“NATO’nun takdir edilen 5. Maddesi bir müttefik ülkenin saldırıya uğramasının, tüm müttefiklere düzenlenmiş bir saldırı anlamına geleceğini söyler. Bu madde, 2. Dünya Savaşı sonrasında barışın garantörü olmuştur.
BBC Türkçe’de yer alan habere göre; “Düşmanlara karşı kolektif misillemeyi öngören bu madde bugüne kadar sadece 11 Eylül 2001’de Batı dünyasına düzenlenen en büyük saldırının ardından işletilmişti.
“Bugünse NATO’nun en güçlü üyesi ABD’nin yakın müttefikleri, bir diğer NATO ülkesi Türkiye’nin doğrudan hedefi haline gelmiş durumda.
“Kürt savaşçılar, Suriye ve Irak’ta Batı’nın en güvenilir, en etkili müttefiki olduklarını göstermiş durumdalar.
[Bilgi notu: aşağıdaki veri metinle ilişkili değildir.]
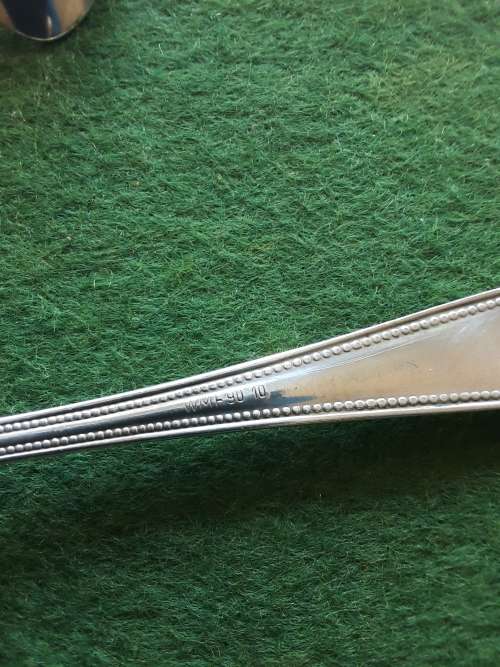 FABULOUS COLLECTION!! 10x Vintage T Spoons ~ All 1 Bid!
‘ABD için müttefik, Türkiye için terörist’
“Kürtlerin oynadığı rol, IŞİD’le mücadelede kritik öneme sahipti. Ancak Türkiye, Kürtlerin bölgede bağımsız bir devlet kurmayı amaçladıklarından endişe ediyor.
“Böyle bir adım, Türkiye’nin toprak bütünlüğünü de tehdit edecek bir gelişme olarak görülüyor.
“Bu yüzden Washington tarafından müttefik olarak görülen savaşçılar, Ankara tarafından ayrılıkçı teröristler olarak algılanıyorlar.
“NATO’nun kuruluş nedeni olan Rusya’nın dost ateşi riskiyle karşı karşıya olmasından büyük haz duyduğuna şüphe yok.
“Batılı liderlerin Türkiye’deki başarısız darbe girişimine karşı verdikleri zayıf tepkiden bu yana Türkiye’nin Cumhurbaşkanı Recep Tayyip Erdoğan düş kırıklığı içerisinde.
‘Türkiye’nin sınır endişeleri çözülebilir’
“Rusya bu çatlağı kullanarak Türkiye’yi NATO’dan tamamen koparmayı fazlasıyla arzulayacaktır.
“Bu durumun gerçekleşmesinin önlenmesi gerek. Türkiye’nin sınır endişeleri, özellikle de Suriye sınırı konusu çözümlenebilir. Kürtler halihazırda geniş bir coğrafyada fiilen özerk bir yönetim kurmuş durumda.
“Makul bir çözüm mümkünken tüm tarafların itidal göstermesi gerekiyor.
“Askeri gerilimin artması en çok Rusya Devlet Başkanı Vladimir Putin’i sevindirecektir. Sırf bu gerçek dahi, tansiyonun yükselmesinin önüne geçilmesi gerektiğini gösteriyor.”